|The aeronautical distractions, bottom to top in order of preference|
The bottom two planes in the above photo are my favorites. The Parkzone micro T-28 (second from bottom), and an E-flite micro Beast (bottom). The T-28 is a very fun plane to fly. It's very well behaved, yet still pretty maneuverable - loops, rolls, and other stunts are pretty easy. Relaxing and fun. It also has the distinction of being the only micro RC plane I haven't crashed (if you don't count a few bad landings). The Beast is, well, a beast. It's the only plane in the bunch to have a brushless motor and a 2 cell (7.4 volt) lipo battery - the others are all single cell. It's got very large control surfaces. It goes fast, can turn on a dime, and can roll fast enough so you loose orientation (i.e. you think it's rightside up when it's upside down). It does exactly what you tell it to do, and has no self correcting tendencies (if you let go of the controls it won't level out). It can get into a lot of trouble very fast. If you look closely you'll see the that left top wing has been broken off right at the inside corner of the aileron. The bottom wing has been broken twice. The guy wires have been popped off a couple times. The nose has been mushed in once. Medium thickness foam safe CA with a kicker can work wonders. But the wing does have a slight twist to it now that messes up some maneuvers. It's still in good enough shape to teach me a few more things though. It is most definitely NOT relaxing to fly (at least at my current skill level), but it is a lot of fun.

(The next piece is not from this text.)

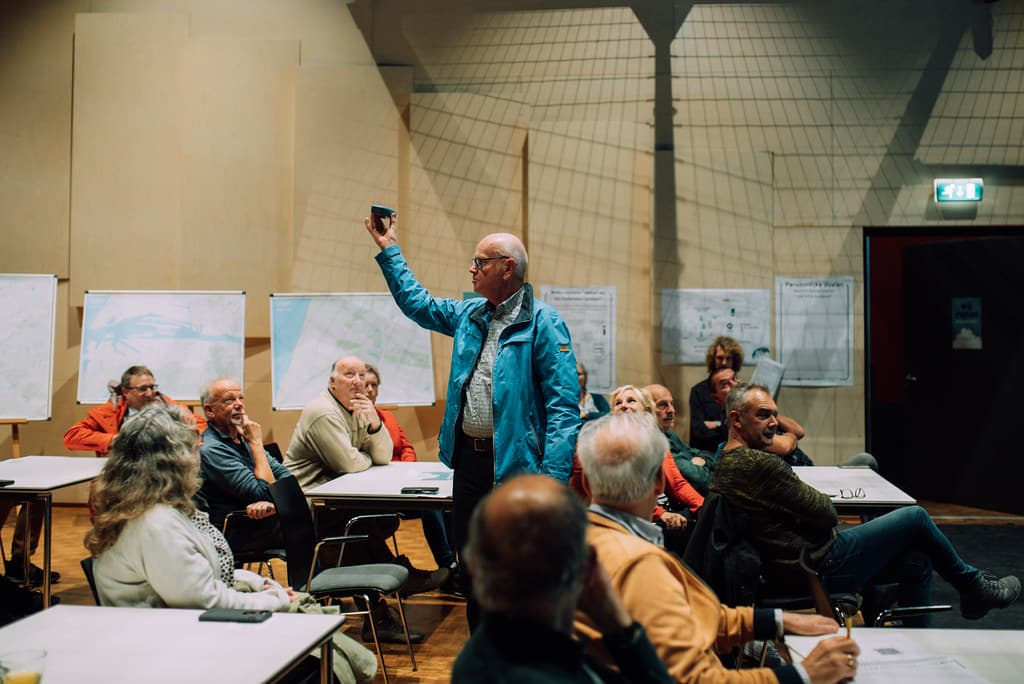 Een man staat in het midden van een zaal en houdt een sensor in de lucht. Om hem heen zitten mensen die naar hem kijken.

To tie this back into model railroading, you'll notice the planes are sitting on the benchwork of the N scale Palmer Industrial Park - in fact they're sitting on Trans Plastics. That photo was taken after I finished installing and painting the fascia (the subject of the next post I'll write), but before I finished tracing the pounce wheel dents in the foam with black magic marker to make the track plan more visible.
Now that the weather is colder and the wind seems to insist on being too gusty to fly these little planes when it's still light enough to see them, perhaps I'll get back to some more model railroading.